◆ **What the task asks**
Write out exactly the lines of the entries below from the one holding "Screenshot der Website" to the one holding "Nice Until Proven", inclusive, and leave out all other lines.

◆ **Records supplied**
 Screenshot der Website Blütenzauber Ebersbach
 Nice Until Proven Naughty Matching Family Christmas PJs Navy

* * *

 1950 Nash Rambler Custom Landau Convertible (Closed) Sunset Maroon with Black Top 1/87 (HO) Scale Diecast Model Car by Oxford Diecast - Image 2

◆ **Written solution**
 Screenshot der Website Blütenzauber Ebersbach
 Nice Until Proven Naughty Matching Family Christmas PJs Navy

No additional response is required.